Entre as múltiplas funções das pedras de um jogo de dominó estão a facilidade em compor escadas, estabelecer limites da coxia em espaços imaginários ou criar rotundas no fundo de um palco. Tampas de tubos de pasta de dente podem se tornar pés de uma mesa; umas sobre as outras formam belas colunas e, com a parte menor para baixo, simulam vasos. Tampas de garrafa são bandejas onduladas e caixas de fósforo se transformam em armários… Foi assim, brincando com cacarecos que iniciei minha paixão por cenários.
Penso ter sido sorte não dispor de um quarto cheio de brinquedos. Isso nos permitiu, incluindo aqui irmãos e primos, a transformar latas de sardinha em vagões de trem de ferro, cascas de nozes em carapaças de tartarugas e latas de extrato, ou de óleo, em pés de lata. Aprendemos rapidamente a transformar câmaras de bicicleta em estilingues após identificarmos as forquilhas mais resistentes nas goiabeiras do quintal e por aí seguimos, somando bolas de gude, piões, carrinhos e toda a sorte de brinquedos aos nossos artefatos caseiros.
As pessoas crescem e param de brincar. Algumas. Outras continuam brincando – que é a melhor definição que assumo para teatro: brincar de ser! No meu caso, o lado estranho de algo legal, iniciado lá na infância, tornou-se um razoável vício em guardar coisas. Um acumulador, dizem atualmente. Uma dificuldade considerável em desapegar-se de coisas que, quase sempre, perdem função e serventia.

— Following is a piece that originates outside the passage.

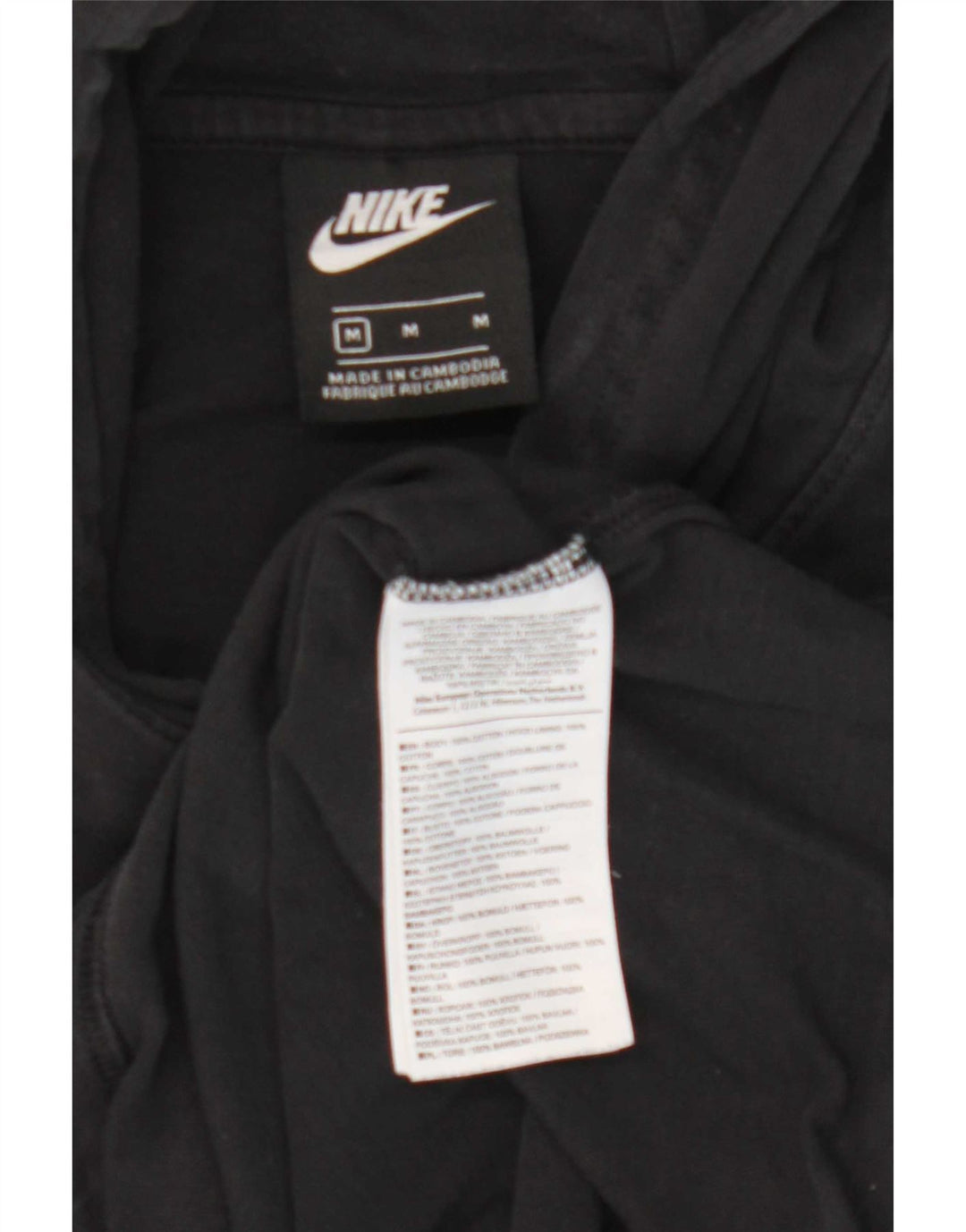 Nike - Camiseta con capucha para hombre, manga larga, algodón negro mediano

Obviamente que há desculpas esfarrapadas para acumular bobagens. Minha preferida é pelo fato de vir de uma época, e de um determinado grupo social, em que guardávamos bexigas pelo maior tempo possível e, quando presenteados, desembrulhávamos o objeto com o máximo cuidado para, em ocasião propícia, dar novo destino ao papel que poderia ser uma capa de caderno, forrar o fundo de uma gaveta e até embrulhar um novo presente. A vida não era fácil!
Há justificativas afetivas: a caneca presenteada pela tia, o copo e a imagem da santa que se tornaram lembranças da avó, o par de esporas usado pelo pai quando no exército, a lanterna que acompanhou o avô ao longo de 40 anos na Mogiana, o potinho que veio da vizinha, a espanhola D. Antônia, o livro usado por minha mãe quando na escola… Deixar essas e outras bugigangas gera uma culpa que nem Freud resolve!
Acontece que, entre o brinquedo e a lembrança, há os badulaques (essa palavra muito usada por D. Laura), os bagulhos (com outra função para a molecada de hoje) e as tralhas, amigas das traças e teias de aranha. Por que alguém guardaria tampas sem panela? Potes de plástico sem tampas, copos e pratos díspares, roupas número 40 para quem já beira ao 48? Vidros de compotas vazios, alguns cheios de rolhas inúteis, outros cheios de parafusos sem porcas… E para dar um fim nessa constrangedora relação há os restos de tintas já secas, inúmeros suportes para mangueiras de chuveiro e pedaços de vela nunca encontrados quando acaba a energia.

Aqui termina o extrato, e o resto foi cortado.